The wrath went out of Clem. What the Chinese said was true. Too many people now couldn’t pay. The job was beyond him, beyond anybody. Too many people, too many starving people.

“I guess you’re right,” he said after a long pause.

He looked so pale when he got up, he swayed so strangely on his feet that Mr. Kwok was frightened and put out his hands and caught Clem by the elbows. “Please, Mr. Miller, are you something wrong?”

Clem steadied himself. “No, I’m all right. I just got to think of something else, that’s all. Good night, Mr. Kwok.”

He wrenched himself away from the kind supporting hands and went out of the door into the street. His idea wasn’t working. Nothing was working. People were pawning their clothes in this bitter weather. They were being asked to pawn their clothes, pawn everything they could, doubtless. The waiters had been told to look and see what people wore. He remembered the hungry boy who had seized his plate and eaten the leftovers like a dog. That was what it had come to here in his own country. Someday people would be eating grass and roots and leaves here as they did in China.

“I got to get down to Washington,” he muttered into the cold darkness. “I gotta get down there one more time and tell them. …”

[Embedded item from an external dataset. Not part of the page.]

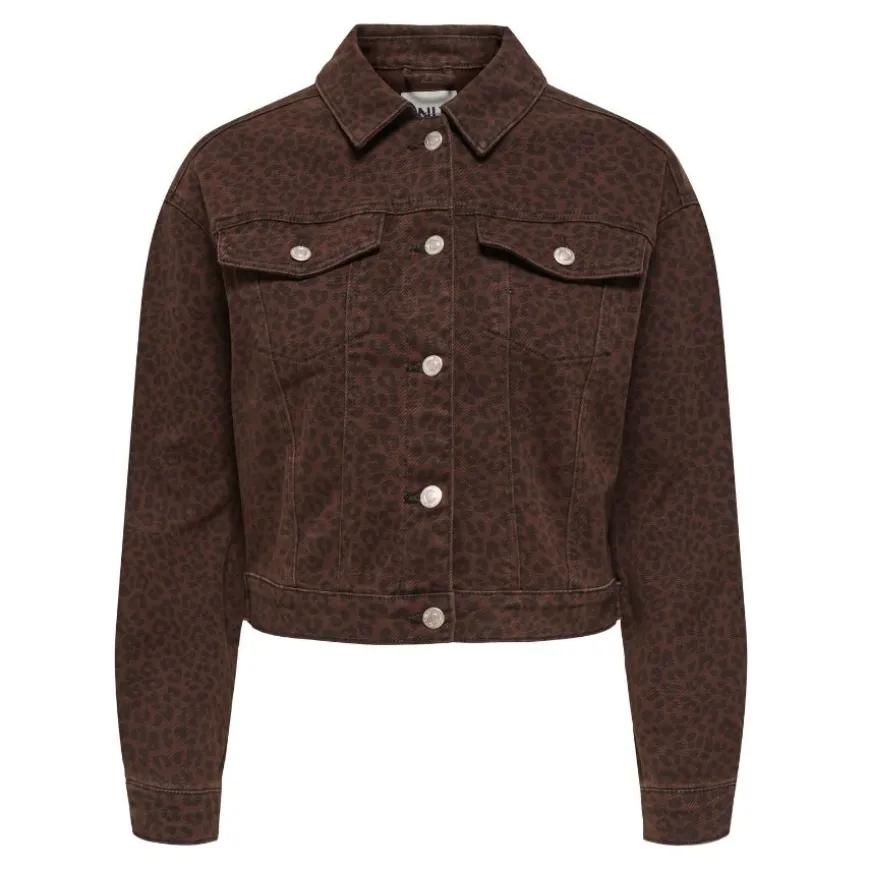 Chaquetas Only 15360070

He found his way to the hotel where Henrietta waited for him, alarmed at his long absence.

“Clem—” she began, but he cut her off short.

“Get our things together, hon. We’re taking the next train to Washington. I’m going to get to that fellow in the White House if I have to bust my way in.”

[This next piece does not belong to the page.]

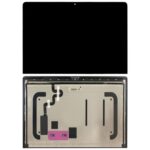 Pantalla Completa para Apple iMac 21,5 Pulgadas Retina A1418 4K (Negro) - Imagen 3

He did not get in, of course. She knew he could not. She waited outside in the lobby and read a pamphlet on a table full of pamphlets and magazines that had been sent for the President to read. He had no time to read them and they had been put here to help the people who waited to while away the time. In a pamphlet of five pages, in words as dry as dust, in sentences as terse as exclamations, but passionless, she read the whole simple truth. For twenty-nine months American business had been shrinking. Industrial production was fifty per cent of what it had been three years ago. The deflation in all prices was thirty-five per cent. Profits were down seventy-five per cent. Nineteen railroads during the last year had gone bankrupt. Farm prices had shrunk forty-nine per cent so far and were still going down. But — and here she saw how everlastingly right Clem was — there was more food than ever! Farmers had grown ten per cent more food in this year of starvation than they had grown three years ago in a time of plenty.